The FSB will publish an interim report on COVID-19 exit strategies and scarring effects in July and will publish the final report, taking into account feedback from stakeholders, in October.
Recent strains in crypto-asset markets – including a decline in the market value of stablecoins, the UST/Luna collapse and the de-pegging of Tether – have underlined many of the concerns that the FSB expressed in its February 2022 risk assessment of crypto-assets. Indeed, these developments highlight the importance of policy actions to address the risks that crypto-assets pose and of the FSB’s work to coordinate regulatory initiatives in this area.
The Plenary discussed ongoing work on crypto-assets and the way forward, in light of recent developments. This work includes a review of its high-level recommendations on the regulation, supervision and oversight of “global stablecoin” arrangements and the exploration of regulatory and supervisory implications of “unbacked” crypto-assets. The FSB is also analysing the financial stability impacts of the Decentralised Finance (DeFi) sector.
FSB roadmap for addressing financial risks from climate change
The need for action to address the financial risks from climate change is more urgent than ever. The sharp rise in the price of oil and gas and the current debate about energy policies in many jurisdictions underscore the importance of addressing the financial risks posed by climate change.
The Plenary discussed the encouraging progress that has been made under the FSB Roadmap for addressing climate-related financial risks, which was published in July 2021. Nevertheless, the understanding of the financial risks arising from climate change and the policy approaches needed to address them remains at an early stage. The FSB Roadmap will support rapid progress in this regard over the coming year (and beyond), including strengthening the FSB’s engagement with the private sector.
The publication by the International Sustainability Standards Board (ISSB) in March of two Exposure Drafts, on climate and general sustainability-related disclosure standards, is a key milestone. Members reiterated the importance of comparable, consistent and decision-useful disclosures and expressed their support for finalising these baseline global disclosure standards.
A progress report on implementation of the FSB Roadmap will be submitted to the G20 meeting and published in July.
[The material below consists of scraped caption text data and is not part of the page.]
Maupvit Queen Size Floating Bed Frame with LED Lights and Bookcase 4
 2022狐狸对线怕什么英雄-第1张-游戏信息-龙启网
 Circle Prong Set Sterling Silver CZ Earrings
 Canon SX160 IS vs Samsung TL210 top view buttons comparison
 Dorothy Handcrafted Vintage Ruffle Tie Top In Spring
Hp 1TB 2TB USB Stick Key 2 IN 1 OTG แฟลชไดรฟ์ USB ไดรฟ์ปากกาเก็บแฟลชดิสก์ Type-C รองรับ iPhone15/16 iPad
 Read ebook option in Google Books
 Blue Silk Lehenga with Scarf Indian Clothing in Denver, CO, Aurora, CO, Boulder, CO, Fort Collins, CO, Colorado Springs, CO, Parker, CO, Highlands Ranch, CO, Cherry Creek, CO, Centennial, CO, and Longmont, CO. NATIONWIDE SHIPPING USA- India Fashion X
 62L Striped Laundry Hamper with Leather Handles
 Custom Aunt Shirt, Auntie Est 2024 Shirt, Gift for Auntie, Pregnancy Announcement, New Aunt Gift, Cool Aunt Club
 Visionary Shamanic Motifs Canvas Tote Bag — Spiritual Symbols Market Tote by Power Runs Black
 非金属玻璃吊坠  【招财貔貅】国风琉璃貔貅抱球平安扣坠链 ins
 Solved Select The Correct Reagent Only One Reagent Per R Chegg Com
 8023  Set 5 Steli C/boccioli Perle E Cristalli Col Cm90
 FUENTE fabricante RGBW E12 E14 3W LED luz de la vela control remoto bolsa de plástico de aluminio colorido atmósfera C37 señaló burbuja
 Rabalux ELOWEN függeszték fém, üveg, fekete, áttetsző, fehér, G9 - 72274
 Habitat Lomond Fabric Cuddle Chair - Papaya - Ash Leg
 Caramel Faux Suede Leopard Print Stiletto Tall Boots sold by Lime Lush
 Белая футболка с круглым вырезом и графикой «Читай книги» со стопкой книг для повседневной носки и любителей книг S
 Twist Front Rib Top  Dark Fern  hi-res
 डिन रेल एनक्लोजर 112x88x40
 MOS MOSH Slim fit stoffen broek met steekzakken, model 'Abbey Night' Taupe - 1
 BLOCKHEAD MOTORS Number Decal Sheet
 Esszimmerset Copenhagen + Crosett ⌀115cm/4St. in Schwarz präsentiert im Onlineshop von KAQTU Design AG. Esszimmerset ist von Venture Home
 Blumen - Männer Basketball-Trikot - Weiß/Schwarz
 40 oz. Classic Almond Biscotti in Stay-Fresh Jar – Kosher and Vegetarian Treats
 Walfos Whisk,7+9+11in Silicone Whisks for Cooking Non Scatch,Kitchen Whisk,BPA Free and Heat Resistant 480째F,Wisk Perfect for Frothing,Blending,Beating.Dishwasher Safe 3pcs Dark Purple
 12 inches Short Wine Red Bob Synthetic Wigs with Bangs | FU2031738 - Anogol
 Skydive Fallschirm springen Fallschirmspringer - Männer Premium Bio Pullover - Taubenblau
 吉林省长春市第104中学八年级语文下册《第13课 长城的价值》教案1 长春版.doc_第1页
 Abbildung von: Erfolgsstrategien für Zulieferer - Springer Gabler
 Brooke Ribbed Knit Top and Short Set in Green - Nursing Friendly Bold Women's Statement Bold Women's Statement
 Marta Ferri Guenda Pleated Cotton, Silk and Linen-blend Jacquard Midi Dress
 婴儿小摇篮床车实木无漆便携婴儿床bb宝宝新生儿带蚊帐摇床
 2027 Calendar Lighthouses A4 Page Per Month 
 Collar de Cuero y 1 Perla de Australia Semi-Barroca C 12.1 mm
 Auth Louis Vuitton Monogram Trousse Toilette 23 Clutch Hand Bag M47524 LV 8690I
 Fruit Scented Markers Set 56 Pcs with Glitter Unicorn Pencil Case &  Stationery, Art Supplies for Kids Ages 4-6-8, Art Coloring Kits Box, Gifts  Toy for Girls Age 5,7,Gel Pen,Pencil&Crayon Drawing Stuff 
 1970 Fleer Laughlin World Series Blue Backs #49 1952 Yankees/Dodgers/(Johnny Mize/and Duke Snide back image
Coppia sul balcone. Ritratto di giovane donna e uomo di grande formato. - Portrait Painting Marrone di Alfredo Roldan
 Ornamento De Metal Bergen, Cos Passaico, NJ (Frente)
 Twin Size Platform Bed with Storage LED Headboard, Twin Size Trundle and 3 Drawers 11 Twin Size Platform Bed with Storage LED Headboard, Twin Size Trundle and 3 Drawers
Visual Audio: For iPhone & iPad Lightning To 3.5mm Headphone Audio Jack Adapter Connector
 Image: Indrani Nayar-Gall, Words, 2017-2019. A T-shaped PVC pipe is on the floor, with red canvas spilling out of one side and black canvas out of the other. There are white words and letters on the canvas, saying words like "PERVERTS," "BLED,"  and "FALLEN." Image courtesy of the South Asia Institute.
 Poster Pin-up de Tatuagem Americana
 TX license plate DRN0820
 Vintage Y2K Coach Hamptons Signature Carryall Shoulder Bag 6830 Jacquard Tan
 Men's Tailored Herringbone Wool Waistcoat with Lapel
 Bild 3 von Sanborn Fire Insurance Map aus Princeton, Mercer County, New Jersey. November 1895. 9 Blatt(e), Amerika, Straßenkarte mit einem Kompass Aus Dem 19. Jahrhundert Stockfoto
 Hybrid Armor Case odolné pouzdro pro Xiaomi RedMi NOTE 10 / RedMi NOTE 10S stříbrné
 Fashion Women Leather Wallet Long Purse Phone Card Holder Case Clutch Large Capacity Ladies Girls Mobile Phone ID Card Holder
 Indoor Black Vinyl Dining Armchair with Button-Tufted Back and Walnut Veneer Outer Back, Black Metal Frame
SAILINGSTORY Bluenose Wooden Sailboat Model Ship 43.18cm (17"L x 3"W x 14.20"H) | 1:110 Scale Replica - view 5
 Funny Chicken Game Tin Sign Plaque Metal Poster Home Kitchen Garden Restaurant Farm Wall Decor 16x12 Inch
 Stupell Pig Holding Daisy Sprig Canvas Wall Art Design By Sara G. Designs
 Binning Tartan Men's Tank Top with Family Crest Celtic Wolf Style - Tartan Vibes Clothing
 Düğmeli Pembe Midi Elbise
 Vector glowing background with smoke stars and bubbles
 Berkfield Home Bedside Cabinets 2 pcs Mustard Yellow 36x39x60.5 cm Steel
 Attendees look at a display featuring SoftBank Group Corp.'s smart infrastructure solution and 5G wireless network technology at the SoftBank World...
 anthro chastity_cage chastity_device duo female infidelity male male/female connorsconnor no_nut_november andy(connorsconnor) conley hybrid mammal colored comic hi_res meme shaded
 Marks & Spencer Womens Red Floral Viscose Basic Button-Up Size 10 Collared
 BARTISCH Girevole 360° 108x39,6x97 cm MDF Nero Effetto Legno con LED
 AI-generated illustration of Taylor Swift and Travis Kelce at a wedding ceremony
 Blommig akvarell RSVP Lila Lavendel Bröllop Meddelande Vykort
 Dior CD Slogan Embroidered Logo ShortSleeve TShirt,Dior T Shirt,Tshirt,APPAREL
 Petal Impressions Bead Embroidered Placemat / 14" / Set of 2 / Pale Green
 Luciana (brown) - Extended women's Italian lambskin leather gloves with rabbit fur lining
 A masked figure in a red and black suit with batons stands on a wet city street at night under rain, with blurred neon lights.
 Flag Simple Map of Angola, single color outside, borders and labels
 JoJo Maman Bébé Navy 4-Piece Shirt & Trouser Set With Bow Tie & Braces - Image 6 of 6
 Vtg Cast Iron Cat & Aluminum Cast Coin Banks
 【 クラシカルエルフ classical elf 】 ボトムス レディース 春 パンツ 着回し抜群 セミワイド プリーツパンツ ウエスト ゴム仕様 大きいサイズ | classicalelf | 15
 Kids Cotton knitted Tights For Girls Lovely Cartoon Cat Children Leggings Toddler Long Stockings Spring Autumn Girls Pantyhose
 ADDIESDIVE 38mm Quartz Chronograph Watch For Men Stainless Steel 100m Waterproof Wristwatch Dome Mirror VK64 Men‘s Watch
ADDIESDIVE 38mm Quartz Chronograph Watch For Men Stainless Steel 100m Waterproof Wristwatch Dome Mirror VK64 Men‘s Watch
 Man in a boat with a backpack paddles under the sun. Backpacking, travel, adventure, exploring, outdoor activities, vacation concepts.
Updates on other initiatives
Members received updates on other important FSB initiatives, including progress and next steps under the FSB-coordinated roadmap for enhancing cross-border payments and the way forward for achieving greater convergence in cyber incident reporting. The FSB will report to the G20 on both initiatives in October.
Notes to editors
The FSB coordinates at the international level the work of national financial authorities and international standard-setting bodies and develops and promotes the implementation of effective regulatory, supervisory, and other financial sector policies in the interest of financial stability. It brings together national authorities responsible for financial stability in 24 countries and jurisdictions, international financial institutions, sector-specific international groupings of regulators and supervisors, and committees of central bank experts. The FSB also conducts outreach with approximately 70 other jurisdictions through its six Regional Consultative Groups.
The FSB is chaired by Klaas Knot, President of De Nederlandsche Bank. The FSB Secretariat is located in Basel, Switzerland, and hosted by the Bank for International Settlements.